**Requirement**
Leave out the pictures. Return every record otherwise untouched.

**Supplied data**

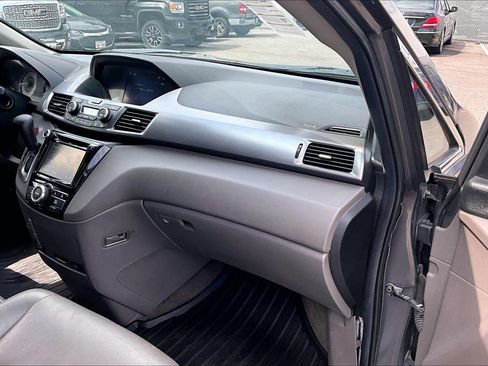 Used 2021 Chrysler Pacifica Touring-L FWD image 15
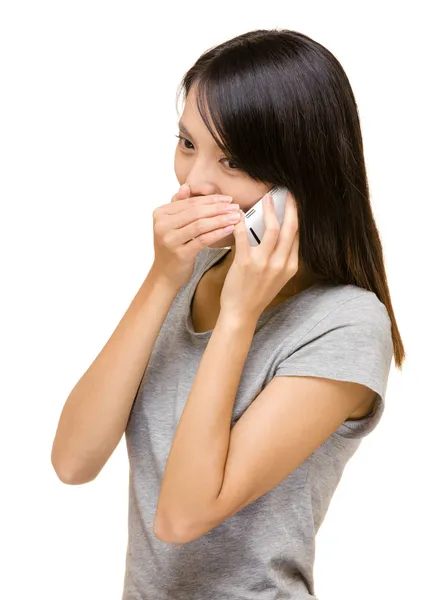 Asiatisk kvinne som snakker hemmelig på telefonen – stockfoto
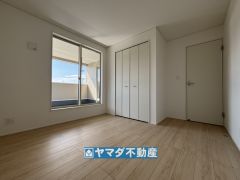 2階洋室6帖のお部屋です。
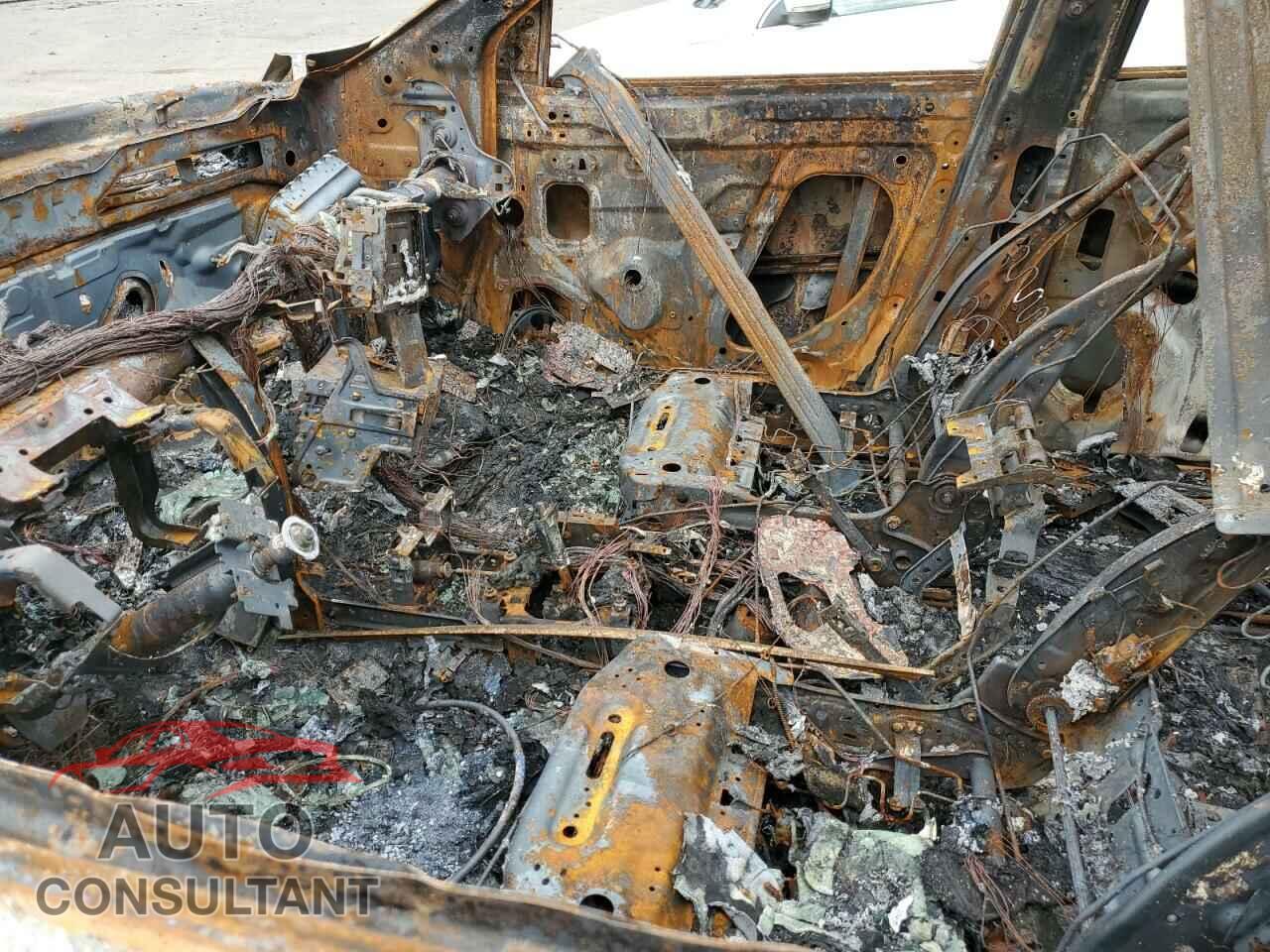 NISSAN PATHFINDER 2019 - 5N1DR2MM3KC592667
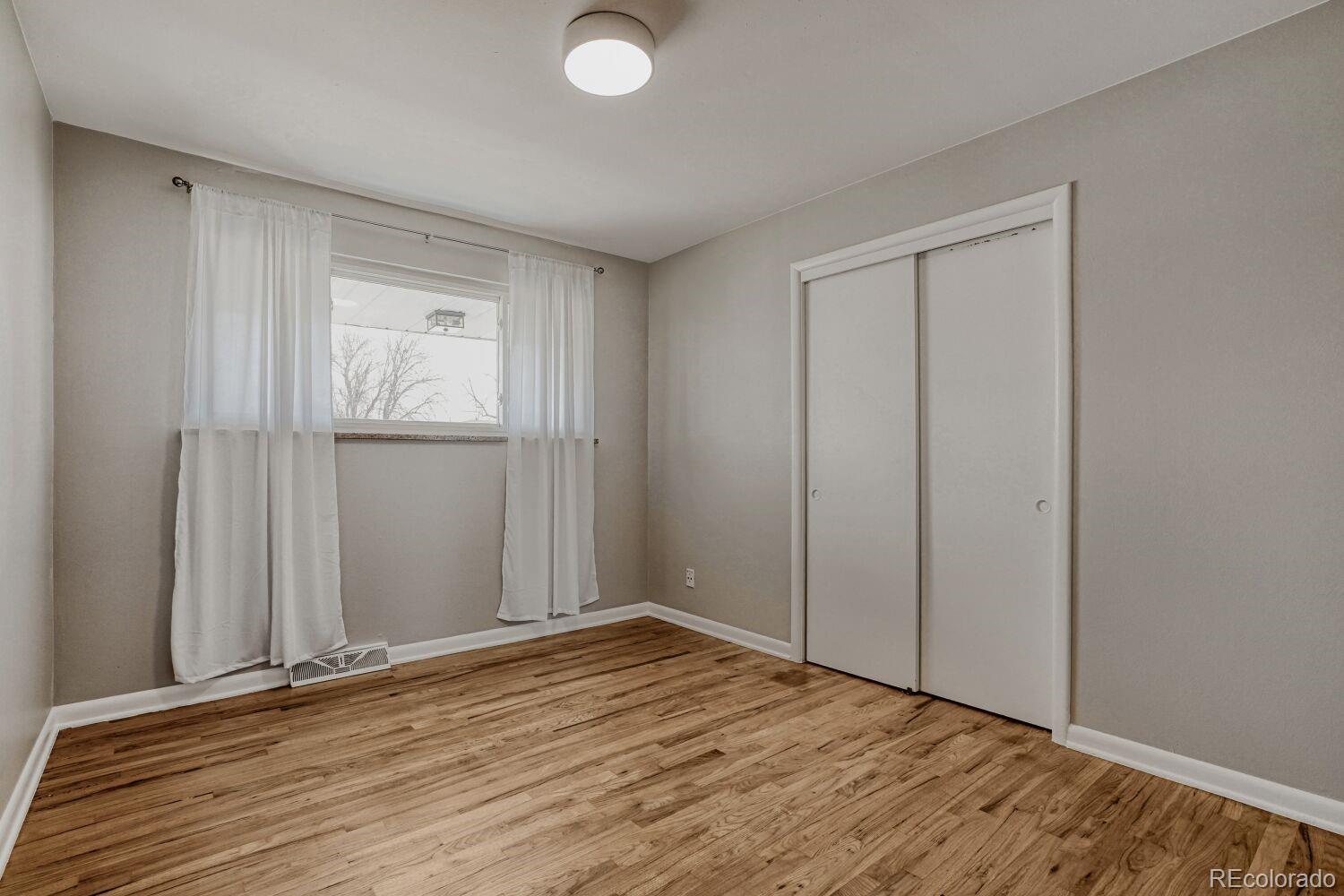 5065 S Delaware Street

**Expected output**
 Used 2021 Chrysler Pacifica Touring-L FWD image 15
 Asiatisk kvinne som snakker hemmelig på telefonen – stockfoto
 2階洋室6帖のお部屋です。
 NISSAN PATHFINDER 2019 - 5N1DR2MM3KC592667
 5065 S Delaware Street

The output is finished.